Al termine, la parola è andata a Tiraboschi. «Anzitutto sono molto grato dell’esperienza fatta oggi, penso che sia stato un grande arricchimento per i miei studenti». Un pensiero ampliato su Facebook nei giorni successivi. «Cosa è il lavoro? Quale è il suo valore? Quali regole lo governano? È tutto scritto molto bene nei nostri libri, ma fino a quando gli studenti non incontrano esperienze reali sono solo parole». Quanto alle cooperative sociali il docente le ha invitate a sintetizzare in un breve documento le difficoltà ma soprattutto le proposte che emergono dal mondo della cooperazione: «Il vostro è un contributo prezioso, sono certo che darete un apporto sostanziale al dibattito in corso agli Stati generali».

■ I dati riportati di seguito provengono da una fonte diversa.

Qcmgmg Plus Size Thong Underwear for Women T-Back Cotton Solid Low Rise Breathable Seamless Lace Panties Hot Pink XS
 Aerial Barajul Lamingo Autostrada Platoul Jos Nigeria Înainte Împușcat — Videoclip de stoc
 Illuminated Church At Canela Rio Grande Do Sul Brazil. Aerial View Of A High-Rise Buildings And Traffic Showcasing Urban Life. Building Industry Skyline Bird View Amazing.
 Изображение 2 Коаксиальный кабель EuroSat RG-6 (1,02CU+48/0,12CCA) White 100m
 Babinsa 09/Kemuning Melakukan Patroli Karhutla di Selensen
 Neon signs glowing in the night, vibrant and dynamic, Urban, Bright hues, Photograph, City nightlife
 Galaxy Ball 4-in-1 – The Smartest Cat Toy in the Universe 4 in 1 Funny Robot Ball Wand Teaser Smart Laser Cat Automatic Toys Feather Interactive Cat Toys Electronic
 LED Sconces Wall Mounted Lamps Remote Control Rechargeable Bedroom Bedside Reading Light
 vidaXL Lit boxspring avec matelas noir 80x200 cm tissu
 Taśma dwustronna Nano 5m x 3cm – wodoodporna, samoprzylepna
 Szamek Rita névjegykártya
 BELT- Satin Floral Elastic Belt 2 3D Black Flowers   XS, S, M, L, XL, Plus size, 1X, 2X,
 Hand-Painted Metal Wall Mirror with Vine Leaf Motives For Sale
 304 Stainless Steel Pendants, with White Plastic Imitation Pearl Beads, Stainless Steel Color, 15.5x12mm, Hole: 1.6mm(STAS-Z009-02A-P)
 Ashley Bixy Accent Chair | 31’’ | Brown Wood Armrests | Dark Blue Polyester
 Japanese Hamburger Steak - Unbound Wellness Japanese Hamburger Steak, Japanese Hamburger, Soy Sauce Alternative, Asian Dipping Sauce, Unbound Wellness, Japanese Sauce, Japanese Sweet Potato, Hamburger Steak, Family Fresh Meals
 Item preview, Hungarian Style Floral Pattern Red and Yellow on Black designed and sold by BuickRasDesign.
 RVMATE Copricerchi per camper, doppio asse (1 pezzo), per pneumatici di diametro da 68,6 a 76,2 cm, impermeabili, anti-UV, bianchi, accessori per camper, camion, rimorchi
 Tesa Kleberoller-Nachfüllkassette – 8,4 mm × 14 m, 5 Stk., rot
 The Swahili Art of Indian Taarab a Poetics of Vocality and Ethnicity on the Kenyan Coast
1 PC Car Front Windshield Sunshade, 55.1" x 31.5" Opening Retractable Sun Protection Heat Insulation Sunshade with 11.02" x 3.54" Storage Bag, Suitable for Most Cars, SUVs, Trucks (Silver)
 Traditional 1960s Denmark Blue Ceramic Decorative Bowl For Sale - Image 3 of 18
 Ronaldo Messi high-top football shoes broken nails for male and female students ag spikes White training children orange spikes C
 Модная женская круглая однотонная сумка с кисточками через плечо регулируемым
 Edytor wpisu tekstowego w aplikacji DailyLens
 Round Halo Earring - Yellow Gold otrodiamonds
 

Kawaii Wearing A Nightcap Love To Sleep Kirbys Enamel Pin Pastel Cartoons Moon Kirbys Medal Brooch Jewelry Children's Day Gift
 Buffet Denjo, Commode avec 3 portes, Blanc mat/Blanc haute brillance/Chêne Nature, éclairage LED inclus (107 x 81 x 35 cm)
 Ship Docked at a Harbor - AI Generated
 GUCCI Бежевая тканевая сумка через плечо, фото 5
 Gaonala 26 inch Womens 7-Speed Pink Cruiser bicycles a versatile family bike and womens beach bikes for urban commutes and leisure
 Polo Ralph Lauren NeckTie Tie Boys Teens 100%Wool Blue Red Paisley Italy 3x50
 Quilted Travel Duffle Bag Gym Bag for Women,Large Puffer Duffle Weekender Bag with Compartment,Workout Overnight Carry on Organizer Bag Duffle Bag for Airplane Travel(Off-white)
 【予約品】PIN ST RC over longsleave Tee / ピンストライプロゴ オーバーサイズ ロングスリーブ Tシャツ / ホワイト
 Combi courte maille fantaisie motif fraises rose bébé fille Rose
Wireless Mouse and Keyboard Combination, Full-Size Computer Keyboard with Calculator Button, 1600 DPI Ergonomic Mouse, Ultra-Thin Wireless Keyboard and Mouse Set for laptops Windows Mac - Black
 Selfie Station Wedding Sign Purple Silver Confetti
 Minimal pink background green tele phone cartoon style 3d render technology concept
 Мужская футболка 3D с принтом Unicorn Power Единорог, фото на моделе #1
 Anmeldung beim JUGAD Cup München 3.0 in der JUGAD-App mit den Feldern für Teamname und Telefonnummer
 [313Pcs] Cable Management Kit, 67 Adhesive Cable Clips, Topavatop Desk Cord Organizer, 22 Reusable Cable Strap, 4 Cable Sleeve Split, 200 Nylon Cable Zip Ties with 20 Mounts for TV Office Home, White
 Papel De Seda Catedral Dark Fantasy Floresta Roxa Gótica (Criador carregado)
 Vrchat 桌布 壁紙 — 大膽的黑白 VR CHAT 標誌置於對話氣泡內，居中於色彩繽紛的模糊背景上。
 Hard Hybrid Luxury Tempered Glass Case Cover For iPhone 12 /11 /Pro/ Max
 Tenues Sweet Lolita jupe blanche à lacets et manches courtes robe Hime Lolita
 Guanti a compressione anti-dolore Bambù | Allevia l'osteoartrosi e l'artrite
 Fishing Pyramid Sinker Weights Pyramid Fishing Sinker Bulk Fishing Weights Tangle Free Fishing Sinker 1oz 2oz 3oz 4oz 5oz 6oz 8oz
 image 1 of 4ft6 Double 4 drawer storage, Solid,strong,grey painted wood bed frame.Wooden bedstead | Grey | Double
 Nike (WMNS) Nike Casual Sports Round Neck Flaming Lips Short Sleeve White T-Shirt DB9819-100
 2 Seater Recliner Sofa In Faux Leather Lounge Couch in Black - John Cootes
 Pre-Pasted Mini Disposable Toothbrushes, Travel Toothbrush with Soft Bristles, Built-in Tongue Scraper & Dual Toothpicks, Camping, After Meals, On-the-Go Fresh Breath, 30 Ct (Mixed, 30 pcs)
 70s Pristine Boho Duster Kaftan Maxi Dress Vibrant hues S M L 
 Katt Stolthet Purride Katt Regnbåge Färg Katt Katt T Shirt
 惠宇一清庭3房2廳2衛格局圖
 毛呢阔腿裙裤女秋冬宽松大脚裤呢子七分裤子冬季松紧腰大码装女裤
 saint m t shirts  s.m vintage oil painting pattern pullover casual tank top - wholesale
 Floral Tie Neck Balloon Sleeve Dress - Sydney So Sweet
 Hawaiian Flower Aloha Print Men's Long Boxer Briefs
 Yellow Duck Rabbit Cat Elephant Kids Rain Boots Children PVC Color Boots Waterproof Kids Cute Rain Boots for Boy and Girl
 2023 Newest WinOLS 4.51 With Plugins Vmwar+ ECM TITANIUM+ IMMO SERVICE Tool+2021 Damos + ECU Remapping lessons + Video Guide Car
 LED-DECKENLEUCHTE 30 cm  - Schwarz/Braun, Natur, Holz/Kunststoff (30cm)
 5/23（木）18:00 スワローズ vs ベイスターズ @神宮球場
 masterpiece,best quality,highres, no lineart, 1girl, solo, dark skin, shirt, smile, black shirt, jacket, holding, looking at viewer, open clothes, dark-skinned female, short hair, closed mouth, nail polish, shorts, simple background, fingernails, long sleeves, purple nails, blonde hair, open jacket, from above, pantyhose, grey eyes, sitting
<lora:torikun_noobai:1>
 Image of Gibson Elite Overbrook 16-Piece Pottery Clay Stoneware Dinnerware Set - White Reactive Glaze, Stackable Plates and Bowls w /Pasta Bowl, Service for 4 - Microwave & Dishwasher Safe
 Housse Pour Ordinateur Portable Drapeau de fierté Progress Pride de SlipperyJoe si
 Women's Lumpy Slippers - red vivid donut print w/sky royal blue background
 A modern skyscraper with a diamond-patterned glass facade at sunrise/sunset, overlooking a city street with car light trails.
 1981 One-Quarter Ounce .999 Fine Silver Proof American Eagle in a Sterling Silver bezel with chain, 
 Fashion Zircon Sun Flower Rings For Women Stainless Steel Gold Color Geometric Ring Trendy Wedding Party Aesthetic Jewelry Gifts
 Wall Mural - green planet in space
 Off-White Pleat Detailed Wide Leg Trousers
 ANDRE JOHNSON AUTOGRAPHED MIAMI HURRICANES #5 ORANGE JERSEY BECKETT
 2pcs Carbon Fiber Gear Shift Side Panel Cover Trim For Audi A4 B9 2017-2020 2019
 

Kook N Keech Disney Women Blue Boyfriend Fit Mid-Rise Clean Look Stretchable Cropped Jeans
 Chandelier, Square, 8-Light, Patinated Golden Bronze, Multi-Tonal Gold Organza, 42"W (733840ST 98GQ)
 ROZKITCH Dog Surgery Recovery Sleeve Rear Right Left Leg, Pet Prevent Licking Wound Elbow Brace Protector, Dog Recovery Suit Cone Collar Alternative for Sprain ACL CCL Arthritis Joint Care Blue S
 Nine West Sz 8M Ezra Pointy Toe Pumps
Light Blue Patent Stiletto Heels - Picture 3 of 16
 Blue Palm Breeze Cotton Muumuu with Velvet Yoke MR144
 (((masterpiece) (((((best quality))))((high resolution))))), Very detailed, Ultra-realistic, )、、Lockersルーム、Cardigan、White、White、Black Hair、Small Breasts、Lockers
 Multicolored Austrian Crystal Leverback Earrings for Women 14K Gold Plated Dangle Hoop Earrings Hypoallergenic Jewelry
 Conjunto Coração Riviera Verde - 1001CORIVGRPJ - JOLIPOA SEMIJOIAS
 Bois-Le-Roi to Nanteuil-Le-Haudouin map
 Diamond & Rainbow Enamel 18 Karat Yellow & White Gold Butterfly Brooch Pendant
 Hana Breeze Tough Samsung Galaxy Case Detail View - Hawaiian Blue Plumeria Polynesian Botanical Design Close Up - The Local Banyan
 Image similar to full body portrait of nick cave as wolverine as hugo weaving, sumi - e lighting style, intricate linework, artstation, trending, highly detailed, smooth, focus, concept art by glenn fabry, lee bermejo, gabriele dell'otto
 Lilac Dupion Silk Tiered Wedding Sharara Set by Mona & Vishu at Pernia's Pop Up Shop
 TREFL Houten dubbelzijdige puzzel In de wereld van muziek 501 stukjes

La giornata si è conclusa, e non poteva essere diversamente, a suon di tweet. «Il lavoro non è solo un’attività economica», ha cinguettato Ilaria, «incontrare i #detenuti #lavoratori ha #(ri)educato anche noi studenti!» E Isabella: «Bellissima esperienza nel carcere di Padova… abbiamo capito la vera importanza del lavoro».